Yes, You Can Finish Your Story
By Paul Malone
If you enjoy creative writing but struggle to finish your story, then this article can help you. Rest assured you’re not alone – anyone who writes regularly is likely to have amassed pages of ideas, observations, the beginnings of stories, entire rough drafts even. It’s all creative endeavour, the fertile soil from which stories emerge. When you nurture your stories, they will grow. And every finished story is like a ripened fruit ready to be picked and enjoyed by your readers.
Stepping out of this bountiful story garden for a moment…
Why bother finishing a story?
Clearly there is a great deal of satisfaction and sense of achievement that comes with finishing a story. This Sunday Writers’ Club blog celebrates such writing achievements: we’ve been publishing our members’ stories since 2018. But of equal importance, when you finish a story, you develop as a writer – practically learning about the entire writing process, from the writing the first draft to submitting your story for publication.
From the garden to the tennis court…
Writing is like tennis – the joy is in the game.
Imagine joining a tennis club and then never actually playing a match – just whacking the ball over the net or up against a wall. No challenging opponent, no keeping score, no umpire, no cheering spectators, no trophy at the end.
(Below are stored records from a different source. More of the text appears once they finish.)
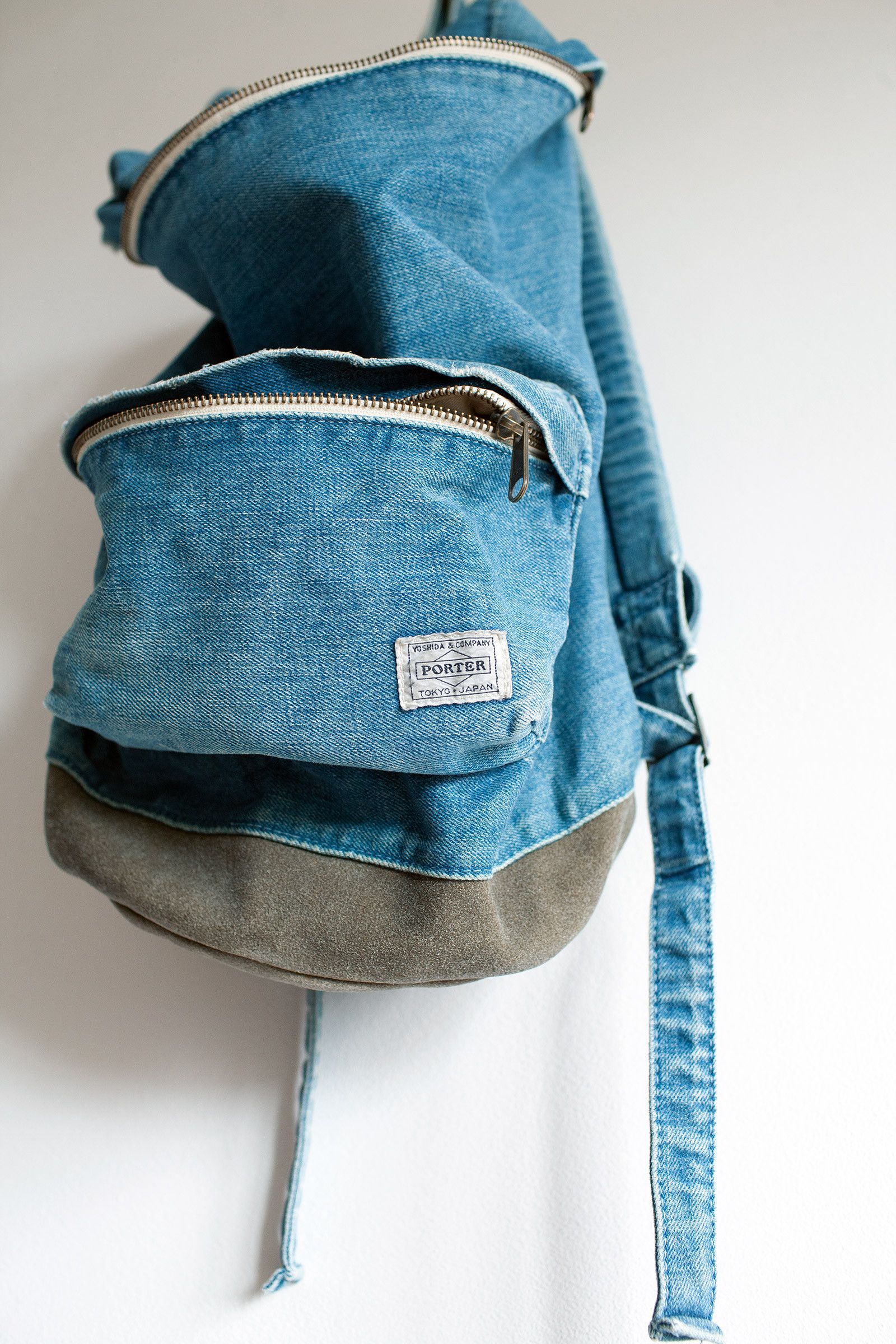 Porter × Porter Classic × White Mountaineering PORTER FOR WHITE  MOUNTAINEERING DENIM BACKPACK | Grailed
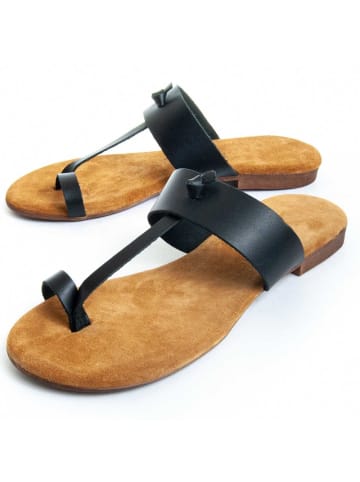 Purapiel Sandalen Atlantic in Schwarz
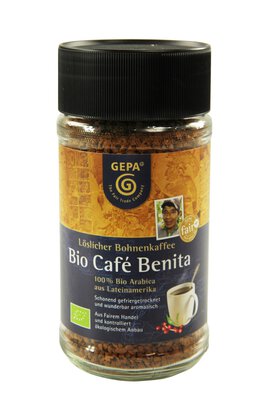 Café Benita, löslicher Bohnenkaffee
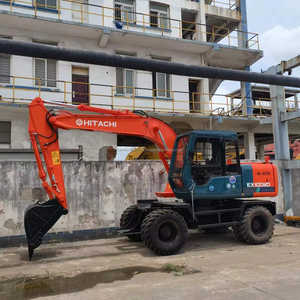 Excavateur sur pneus Hitachi Ex100 d'occasion à vendre Excavateur à roues Hitachi Ex100 Ex100wd de fabrication japonaise à vendre - Product Image 5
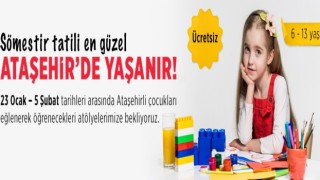 Ataşehirde sömestir atölyeleri başlıyor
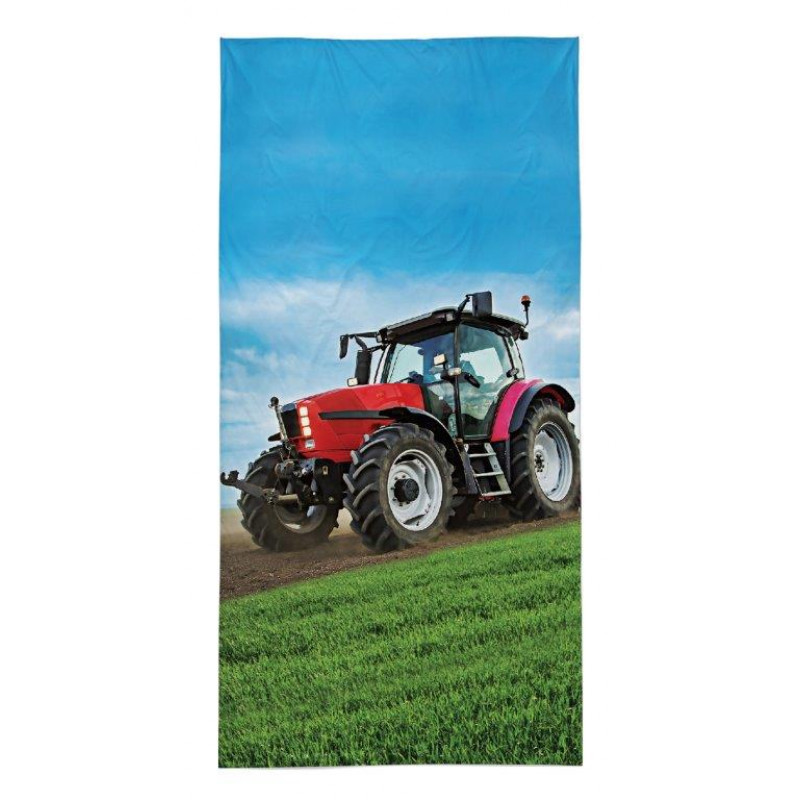Detská osuška Traktor na poli - červený 140x70 cm Detská osuška Traktor na poli - červený 140x70 cm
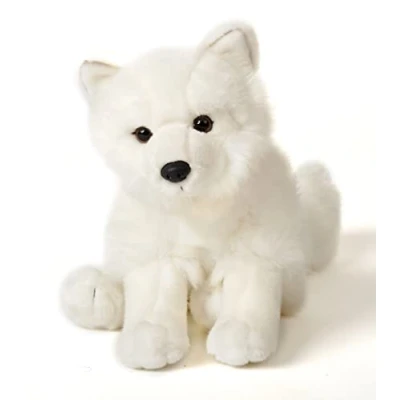 Abbildung von Uni Toys Kuscheltier Polarfuchs 23 cm (Höhe) Plüsch Fuchs, Schneefuchs Plüschtier, zu 100 % recyceltes Füllmaterial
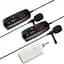Беспроводной микрофон для телефона, смартфона с 2-мя микрофонами Savetek P8-UHF, до 50 метров (100727) - миниатюра 1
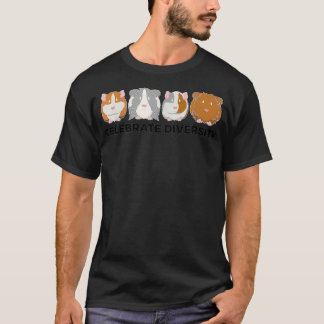 Den berömda mångfalden Cute Guinea-Gris-gåva för T Shirt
It might be fun for a while, but every player knows that the joy of tennis is in the game. The same goes for writing – you can certainly write for pleasure, revel in the cathartic experience, if you please; but if you’ve been creative writing for a while, you’re probably itching for a challenge – to get out there and show the world what you can do.
If you bristle at the idea of seeing writing in such a sporting light, then think of that succulent garden mentioned earlier: Wouldn’t you like to share the fruits of your writing with readers?
Can you get your story published?
Can you win a tennis match? Most likely, provided you apply yourself: practice regularly, sign up for matches, play to win. Common sense tells you that you’ll start at a lower division and gradually improve your ranking. Same goes with getting published: write and finish your stories, submit them to an appropriate market (amateur perhaps to start with) and work your way up. How high can you go? Only you can discover this for yourself through writing.
How to finish your story
Finishing your story is simple. Here’s how:
- Write a first draft.
- Revise your story.
- Edit, format, and submit your story to your chosen market.
That is all there is to the story game! Play it often enough and not only will you dramatically improve your writing, but you’re likely to get published.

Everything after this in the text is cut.